# Blue Platies killing Sunset Platies?



## Jamesf (Jul 29, 2009)

My son has had his 35 Ltr Elite tank since Xmas. He has succesfully kept 3 White Mollies and for the last 2 months had 3 Sunset Platies in there. Last week we introduced 3 Blues platies and within a couple of days, the Sunset Platies were showing signs of distress. One had its tail fin missing and very quickly died. A second died the next day. We have separated the thrid sunset platy by putting it in a net cage, but it still looks unhappy. Can anyone offer any explanation as my sons is very upset by this. Thanks.


----------



## Guest (Jul 29, 2009)

Are there any other signs of sickness or any out of the ordinary? you might be experiencing them establishing a pecking order that went wrong.

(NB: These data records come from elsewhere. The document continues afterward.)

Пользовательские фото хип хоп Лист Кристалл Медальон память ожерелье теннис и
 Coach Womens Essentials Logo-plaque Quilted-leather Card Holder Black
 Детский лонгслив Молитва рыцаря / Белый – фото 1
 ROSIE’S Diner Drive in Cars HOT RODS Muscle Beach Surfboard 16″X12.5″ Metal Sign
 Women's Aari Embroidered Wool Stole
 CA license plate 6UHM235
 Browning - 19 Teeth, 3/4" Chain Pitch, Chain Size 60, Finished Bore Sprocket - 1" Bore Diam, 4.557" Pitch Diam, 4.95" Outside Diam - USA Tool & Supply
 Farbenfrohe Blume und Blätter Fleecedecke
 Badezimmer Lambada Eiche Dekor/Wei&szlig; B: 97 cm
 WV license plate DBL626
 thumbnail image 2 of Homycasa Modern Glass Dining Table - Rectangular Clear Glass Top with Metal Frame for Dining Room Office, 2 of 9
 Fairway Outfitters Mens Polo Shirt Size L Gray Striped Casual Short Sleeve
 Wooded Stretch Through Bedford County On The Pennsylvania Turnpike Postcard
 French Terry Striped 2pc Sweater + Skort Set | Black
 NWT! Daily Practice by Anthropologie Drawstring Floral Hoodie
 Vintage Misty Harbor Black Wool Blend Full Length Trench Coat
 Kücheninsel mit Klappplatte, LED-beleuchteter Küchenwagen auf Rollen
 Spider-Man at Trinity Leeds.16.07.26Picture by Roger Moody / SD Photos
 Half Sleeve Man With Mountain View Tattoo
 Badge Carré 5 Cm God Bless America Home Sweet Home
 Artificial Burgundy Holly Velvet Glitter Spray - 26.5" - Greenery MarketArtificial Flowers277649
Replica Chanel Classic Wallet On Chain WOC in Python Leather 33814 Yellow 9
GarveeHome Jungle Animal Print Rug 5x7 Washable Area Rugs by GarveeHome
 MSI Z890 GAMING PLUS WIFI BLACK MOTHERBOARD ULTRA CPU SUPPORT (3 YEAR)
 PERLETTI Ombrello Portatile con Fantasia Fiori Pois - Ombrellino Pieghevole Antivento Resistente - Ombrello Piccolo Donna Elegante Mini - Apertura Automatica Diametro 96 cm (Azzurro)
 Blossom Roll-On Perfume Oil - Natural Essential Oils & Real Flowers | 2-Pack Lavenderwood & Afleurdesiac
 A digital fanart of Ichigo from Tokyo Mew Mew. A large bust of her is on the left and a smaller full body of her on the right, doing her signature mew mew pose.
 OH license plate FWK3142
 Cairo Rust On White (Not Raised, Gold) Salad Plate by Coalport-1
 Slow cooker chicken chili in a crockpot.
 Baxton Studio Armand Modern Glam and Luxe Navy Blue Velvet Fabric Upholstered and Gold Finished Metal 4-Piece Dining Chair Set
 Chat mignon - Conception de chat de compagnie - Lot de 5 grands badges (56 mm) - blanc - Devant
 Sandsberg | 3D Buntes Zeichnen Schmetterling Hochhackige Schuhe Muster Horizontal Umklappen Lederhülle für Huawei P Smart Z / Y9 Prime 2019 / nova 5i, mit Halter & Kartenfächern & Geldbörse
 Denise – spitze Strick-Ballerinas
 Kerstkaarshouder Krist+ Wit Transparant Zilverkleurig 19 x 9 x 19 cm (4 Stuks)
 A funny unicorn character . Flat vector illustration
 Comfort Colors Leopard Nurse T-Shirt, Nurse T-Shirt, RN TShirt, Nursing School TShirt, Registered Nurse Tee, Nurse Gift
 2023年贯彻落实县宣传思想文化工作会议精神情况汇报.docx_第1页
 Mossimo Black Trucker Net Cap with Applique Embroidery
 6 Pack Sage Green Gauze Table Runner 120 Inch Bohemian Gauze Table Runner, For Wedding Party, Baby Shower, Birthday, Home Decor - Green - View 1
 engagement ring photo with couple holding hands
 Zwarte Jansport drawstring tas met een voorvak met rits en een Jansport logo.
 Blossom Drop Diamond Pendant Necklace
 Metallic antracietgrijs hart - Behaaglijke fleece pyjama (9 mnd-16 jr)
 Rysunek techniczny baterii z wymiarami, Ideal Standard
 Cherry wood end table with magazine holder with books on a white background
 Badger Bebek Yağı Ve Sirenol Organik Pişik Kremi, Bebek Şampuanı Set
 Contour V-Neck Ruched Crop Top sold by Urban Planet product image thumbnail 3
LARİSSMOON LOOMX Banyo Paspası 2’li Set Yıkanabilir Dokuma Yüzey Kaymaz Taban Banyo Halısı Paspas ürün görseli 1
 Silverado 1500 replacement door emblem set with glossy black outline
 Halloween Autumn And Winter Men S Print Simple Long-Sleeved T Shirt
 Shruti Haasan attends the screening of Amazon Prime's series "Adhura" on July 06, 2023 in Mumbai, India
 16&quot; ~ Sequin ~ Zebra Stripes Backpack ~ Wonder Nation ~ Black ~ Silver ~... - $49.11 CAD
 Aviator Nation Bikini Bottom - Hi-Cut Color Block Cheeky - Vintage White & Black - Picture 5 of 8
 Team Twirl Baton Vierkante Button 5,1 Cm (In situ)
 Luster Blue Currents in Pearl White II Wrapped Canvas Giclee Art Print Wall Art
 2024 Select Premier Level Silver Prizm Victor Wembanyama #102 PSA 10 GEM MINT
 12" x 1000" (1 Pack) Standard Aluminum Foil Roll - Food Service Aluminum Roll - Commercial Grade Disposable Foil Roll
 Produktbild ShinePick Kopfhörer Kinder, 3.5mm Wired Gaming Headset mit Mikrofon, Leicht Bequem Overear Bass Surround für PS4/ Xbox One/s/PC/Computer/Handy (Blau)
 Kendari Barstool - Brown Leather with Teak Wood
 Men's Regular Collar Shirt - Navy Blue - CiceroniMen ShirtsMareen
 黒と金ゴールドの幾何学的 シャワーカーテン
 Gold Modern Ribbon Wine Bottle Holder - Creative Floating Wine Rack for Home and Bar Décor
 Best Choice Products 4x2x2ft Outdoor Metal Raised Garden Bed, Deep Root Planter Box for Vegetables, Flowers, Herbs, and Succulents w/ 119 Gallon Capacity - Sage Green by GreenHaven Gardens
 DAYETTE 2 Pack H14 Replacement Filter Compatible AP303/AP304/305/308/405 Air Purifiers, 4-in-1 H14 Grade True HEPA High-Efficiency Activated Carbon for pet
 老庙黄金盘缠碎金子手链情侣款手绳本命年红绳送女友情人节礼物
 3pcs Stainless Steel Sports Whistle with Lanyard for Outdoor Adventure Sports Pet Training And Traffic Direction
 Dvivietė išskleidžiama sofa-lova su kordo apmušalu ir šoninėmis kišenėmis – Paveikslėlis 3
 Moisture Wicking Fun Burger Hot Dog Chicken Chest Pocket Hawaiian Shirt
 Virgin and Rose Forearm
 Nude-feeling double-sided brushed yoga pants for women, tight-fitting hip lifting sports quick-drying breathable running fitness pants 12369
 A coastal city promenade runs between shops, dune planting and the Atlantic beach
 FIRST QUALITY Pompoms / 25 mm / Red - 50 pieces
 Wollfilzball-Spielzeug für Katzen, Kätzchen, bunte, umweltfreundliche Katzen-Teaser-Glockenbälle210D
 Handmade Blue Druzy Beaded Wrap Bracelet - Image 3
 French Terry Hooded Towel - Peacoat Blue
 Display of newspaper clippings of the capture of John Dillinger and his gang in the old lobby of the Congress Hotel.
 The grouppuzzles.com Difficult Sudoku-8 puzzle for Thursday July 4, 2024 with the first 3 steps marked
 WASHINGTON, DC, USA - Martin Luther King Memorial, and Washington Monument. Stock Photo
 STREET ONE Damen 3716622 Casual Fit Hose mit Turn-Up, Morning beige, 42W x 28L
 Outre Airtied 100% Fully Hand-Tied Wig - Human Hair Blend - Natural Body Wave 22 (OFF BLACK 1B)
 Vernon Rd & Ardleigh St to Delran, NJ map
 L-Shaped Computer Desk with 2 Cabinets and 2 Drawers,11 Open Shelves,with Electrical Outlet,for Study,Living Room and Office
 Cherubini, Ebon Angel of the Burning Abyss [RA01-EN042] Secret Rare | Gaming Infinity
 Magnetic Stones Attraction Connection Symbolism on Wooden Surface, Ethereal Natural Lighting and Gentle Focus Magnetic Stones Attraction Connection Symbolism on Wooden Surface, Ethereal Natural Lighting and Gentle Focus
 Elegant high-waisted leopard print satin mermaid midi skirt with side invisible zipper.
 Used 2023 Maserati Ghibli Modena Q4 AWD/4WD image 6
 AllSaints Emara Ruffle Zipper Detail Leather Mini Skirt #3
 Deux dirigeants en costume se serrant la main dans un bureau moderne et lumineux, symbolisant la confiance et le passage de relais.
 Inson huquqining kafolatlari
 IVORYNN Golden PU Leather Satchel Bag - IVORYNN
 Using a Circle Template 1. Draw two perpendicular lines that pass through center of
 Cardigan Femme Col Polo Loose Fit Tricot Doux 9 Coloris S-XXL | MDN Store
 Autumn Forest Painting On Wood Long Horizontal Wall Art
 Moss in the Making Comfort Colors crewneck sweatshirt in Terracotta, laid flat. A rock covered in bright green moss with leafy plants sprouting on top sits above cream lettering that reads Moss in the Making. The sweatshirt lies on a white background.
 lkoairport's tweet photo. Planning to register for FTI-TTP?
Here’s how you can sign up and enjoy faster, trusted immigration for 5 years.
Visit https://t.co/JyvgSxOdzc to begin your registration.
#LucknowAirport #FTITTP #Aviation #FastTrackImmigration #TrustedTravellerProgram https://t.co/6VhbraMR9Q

what am about to say is something i have noticed and observed in Mollys and may not be true in this case:

molly have a tendency to get nippy. if you notice thier lower lip "pouting" you have got ur self a rouge molly. this fellow/felle can and will harrass the other fishes to the point of death. this i 1st noticed about 8 to 9 years ago. if this is the case, you need to get rid of that fish ASAP.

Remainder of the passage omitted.